В июне 1967 года музей Прадо решил реставрировать картину «Семья Карлоса IV», а в декабре были выставлены на общее обозрение удивительные результаты этой работы. На полотне, изображенном позади семейной группы, рядом с пейзажем, являющим светлые березки у ручья, изображена странная оргия гигантов. На этой картине внутри картины широкими мазками, которые идут от Веласкеса и предвосхищают, а быть может, и закладывают основы импрессионизма и экспрессионизма одновременно, Гойя пишет обнаженного титана, вкушающего наслаждение в обществе полуобнаженных женщин, столь же огромных, как и он. Лицо мужчины — несомненно — лицо Гойи, как утверждает Хавьер де Салас, директор Прадо. И никто пока еще ему не возразил.

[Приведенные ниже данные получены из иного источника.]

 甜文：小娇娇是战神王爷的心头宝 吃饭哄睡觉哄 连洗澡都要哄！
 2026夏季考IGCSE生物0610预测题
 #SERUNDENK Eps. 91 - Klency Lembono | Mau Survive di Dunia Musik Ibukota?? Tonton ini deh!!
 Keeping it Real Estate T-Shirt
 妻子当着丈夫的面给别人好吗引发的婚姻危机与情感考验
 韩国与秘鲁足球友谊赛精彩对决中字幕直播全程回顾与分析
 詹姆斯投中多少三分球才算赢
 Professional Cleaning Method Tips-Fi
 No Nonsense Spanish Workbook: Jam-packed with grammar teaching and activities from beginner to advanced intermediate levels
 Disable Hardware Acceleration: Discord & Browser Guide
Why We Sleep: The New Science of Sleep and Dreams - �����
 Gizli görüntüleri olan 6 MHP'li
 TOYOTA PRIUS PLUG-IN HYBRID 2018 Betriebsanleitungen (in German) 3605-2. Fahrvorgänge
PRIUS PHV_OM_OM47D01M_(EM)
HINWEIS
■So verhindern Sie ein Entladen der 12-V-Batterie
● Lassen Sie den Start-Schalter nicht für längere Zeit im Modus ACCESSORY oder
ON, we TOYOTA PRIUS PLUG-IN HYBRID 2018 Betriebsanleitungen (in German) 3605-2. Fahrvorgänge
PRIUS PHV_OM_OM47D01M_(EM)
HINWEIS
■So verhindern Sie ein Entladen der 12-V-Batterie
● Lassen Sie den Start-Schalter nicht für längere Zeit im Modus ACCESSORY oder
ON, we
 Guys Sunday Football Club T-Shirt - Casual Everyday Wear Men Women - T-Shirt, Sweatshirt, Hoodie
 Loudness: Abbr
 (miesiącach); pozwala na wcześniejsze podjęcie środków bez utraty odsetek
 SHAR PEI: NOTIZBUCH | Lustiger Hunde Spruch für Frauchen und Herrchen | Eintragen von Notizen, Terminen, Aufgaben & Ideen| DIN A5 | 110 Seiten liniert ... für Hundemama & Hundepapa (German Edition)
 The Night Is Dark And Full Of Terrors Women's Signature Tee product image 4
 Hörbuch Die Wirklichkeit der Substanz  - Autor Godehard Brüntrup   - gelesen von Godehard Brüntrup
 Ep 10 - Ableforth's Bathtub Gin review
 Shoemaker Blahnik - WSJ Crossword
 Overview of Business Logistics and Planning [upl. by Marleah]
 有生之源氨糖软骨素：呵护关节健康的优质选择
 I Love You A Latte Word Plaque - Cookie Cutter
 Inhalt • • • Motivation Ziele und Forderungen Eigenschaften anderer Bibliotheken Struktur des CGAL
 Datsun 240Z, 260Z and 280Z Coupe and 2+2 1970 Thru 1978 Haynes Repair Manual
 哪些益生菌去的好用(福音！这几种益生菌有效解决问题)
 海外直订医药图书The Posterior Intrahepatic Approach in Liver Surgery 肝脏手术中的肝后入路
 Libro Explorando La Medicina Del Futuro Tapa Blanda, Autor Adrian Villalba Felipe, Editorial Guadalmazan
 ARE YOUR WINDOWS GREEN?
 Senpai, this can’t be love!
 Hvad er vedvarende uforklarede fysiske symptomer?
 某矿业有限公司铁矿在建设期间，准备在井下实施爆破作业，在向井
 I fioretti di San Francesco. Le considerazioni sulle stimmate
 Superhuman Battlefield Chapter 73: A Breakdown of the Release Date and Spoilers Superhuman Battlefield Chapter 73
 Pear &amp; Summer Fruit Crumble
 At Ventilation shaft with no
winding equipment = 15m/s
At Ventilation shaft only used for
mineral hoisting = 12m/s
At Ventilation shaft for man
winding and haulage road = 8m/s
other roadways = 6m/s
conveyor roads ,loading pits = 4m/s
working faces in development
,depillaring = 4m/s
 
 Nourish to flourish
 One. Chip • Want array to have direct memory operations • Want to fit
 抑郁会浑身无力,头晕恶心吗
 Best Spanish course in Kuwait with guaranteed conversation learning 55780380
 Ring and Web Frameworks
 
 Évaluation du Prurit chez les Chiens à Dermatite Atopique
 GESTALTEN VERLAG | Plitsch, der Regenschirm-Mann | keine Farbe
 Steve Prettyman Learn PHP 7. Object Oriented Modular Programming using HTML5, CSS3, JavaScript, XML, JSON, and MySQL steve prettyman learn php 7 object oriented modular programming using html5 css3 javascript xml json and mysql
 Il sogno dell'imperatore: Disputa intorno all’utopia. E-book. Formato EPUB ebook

В 1800 году, начав писать «Семью Карлоса IV», Гойя уже восемь лет как был совершенно глух и жил в долг. В 1792 году микробы сифилиса, по-видимому перенесенного Гойей в ранней юности, о чем, судя по всему, он до той поры не знал, попадают в слуховой канал, и целых два года художник находится на грани жизни и смерти. Андре Мальро сравнивает его с одним из тех больных, которые, выскочив из смертельной агонии, становятся медиумами. Пережив такой кризис, Гойя, заключенный в вечную тишину, сквозь всю оставшуюся жизнь пронесет отсвет иного мира. Только Гойя будет заклинать живых призраков, а не мертвые привидения. Поэтому его чудовища кажутся Бодлеру такими vraisemblables [10] Правдоподобные ( франц. ).
, такими достоверными. Глухой Гойя описывает черную ночь души, где жизнь скрывает свою самую страшную правду. Смерть, чтобы раскрыть эту правду, явится шестнадцать лет спустя, в другой роковой день его жизни, 2 мая 1808 года, когда на площади Пуэрта-дель-Соль он окажется свидетелем жестокого сражения между народом и мамелюками Мюрата.